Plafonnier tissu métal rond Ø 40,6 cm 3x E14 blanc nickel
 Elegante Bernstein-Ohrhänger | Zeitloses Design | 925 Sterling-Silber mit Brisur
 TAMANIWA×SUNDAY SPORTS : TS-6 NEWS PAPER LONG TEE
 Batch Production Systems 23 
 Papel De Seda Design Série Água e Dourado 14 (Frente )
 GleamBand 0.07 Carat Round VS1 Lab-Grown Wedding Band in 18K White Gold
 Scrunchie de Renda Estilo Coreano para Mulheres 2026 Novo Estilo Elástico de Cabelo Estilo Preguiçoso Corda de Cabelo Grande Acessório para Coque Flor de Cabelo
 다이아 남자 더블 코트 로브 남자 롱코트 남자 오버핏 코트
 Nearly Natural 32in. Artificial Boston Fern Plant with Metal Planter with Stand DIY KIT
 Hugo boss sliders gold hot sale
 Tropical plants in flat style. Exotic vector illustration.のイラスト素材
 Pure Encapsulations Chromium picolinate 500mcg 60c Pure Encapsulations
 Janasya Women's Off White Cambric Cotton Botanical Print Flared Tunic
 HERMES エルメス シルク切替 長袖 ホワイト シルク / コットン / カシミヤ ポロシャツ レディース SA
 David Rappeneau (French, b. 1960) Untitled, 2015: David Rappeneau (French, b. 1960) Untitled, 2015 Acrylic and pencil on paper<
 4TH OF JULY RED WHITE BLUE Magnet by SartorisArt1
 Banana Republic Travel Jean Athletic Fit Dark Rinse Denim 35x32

▶ TASK: All that is wanted is a faithful reproduction of the line above with "TAMANIWA×SUNDAY SPORTS : TS-6", the line with "다이아 남자 더블 코트 로브 남자 롱코트 남자 오버핏 코트", and every line in between.

▶ EXERCISE OUTPUT:
 TAMANIWA×SUNDAY SPORTS : TS-6 NEWS PAPER LONG TEE
 Batch Production Systems 23 
 Papel De Seda Design Série Água e Dourado 14 (Frente )
 GleamBand 0.07 Carat Round VS1 Lab-Grown Wedding Band in 18K White Gold
 Scrunchie de Renda Estilo Coreano para Mulheres 2026 Novo Estilo Elástico de Cabelo Estilo Preguiçoso Corda de Cabelo Grande Acessório para Coque Flor de Cabelo
 다이아 남자 더블 코트 로브 남자 롱코트 남자 오버핏 코트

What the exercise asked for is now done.